NEWS

School system feels financial pinch as school year opens

Deidre Cruse

“It's a down experience,” Iberville School Superintendent P. Edward Cancienne Jr. said in an interview last week. “It's a tragedy what's going on in the state and public education.”

The generally upbeat Dr. Cancienne is lamenting the necessity to cut 100 positions , including those of 32 employees who were laid off under the school system's “reduction in force” policy. Also at Cancienne's recommendation, the School Board transferred 63 teachers to fill gaps in the elementary education ranks and meet other staffing requirements.

“We had to reduce the size of the Central Office,” he said, by about five positions. “Before we cut classrooms, we cut the Central Office.”
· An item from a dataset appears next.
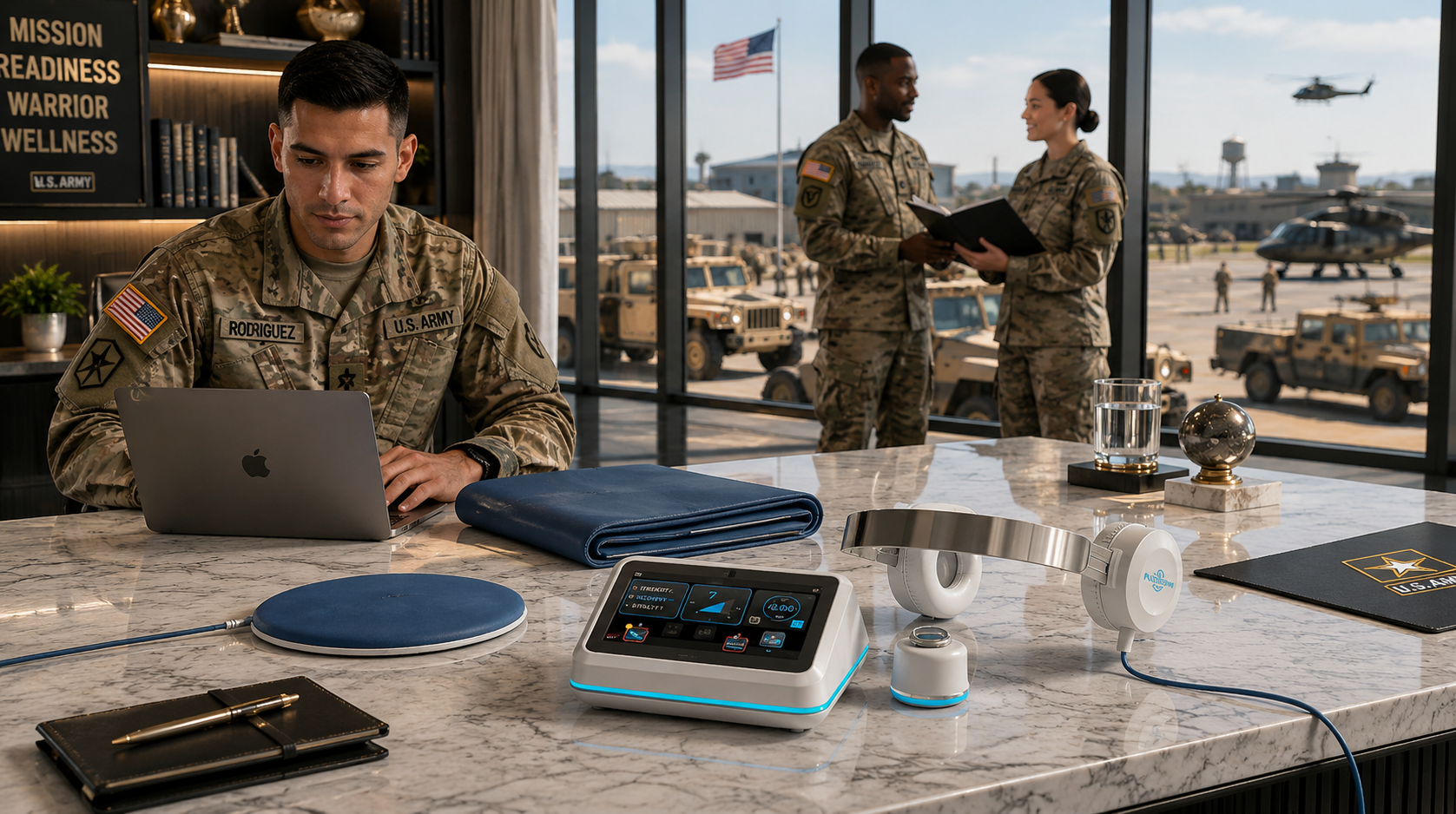 PureWave Ultra console, mat and headset applicator on a desk in a military readiness office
“It's very disconcerting to have to do this to our staff,” he said. “There is a general feeling of remorse...It will not impede our desire to hunker down and focus on our classrooms.”

“Those positions will result in $1 million in savings,” noted Brandie Blanchard, the system's personnel and instructional coordinator.

That is the same amount of money the school system will have to pay in additional contributions to employees' retirement system, Chief Financial Officer Jolain Landry said. She said it is similar to the increase last year, which cost Iberville an additional $1.6 million.

The state systems are passing on their unfunded liabilities to local school systems. Contributions for teachers will go up from 20 percent to 24 percent of payroll this year, and contributions for other school employees, from 24 to 28 percent.

She is expecting health insurance premiums to go up as well and higher property insurance to cover all the additional school facilities coming on line.

The system's utility bill is going up as the new facilities go into use and utility prices rise, but Project Manager Patrick Norris said he and the maintenance staff have shaved some $300,000 off the cost by “fine-tuning our energy management system.”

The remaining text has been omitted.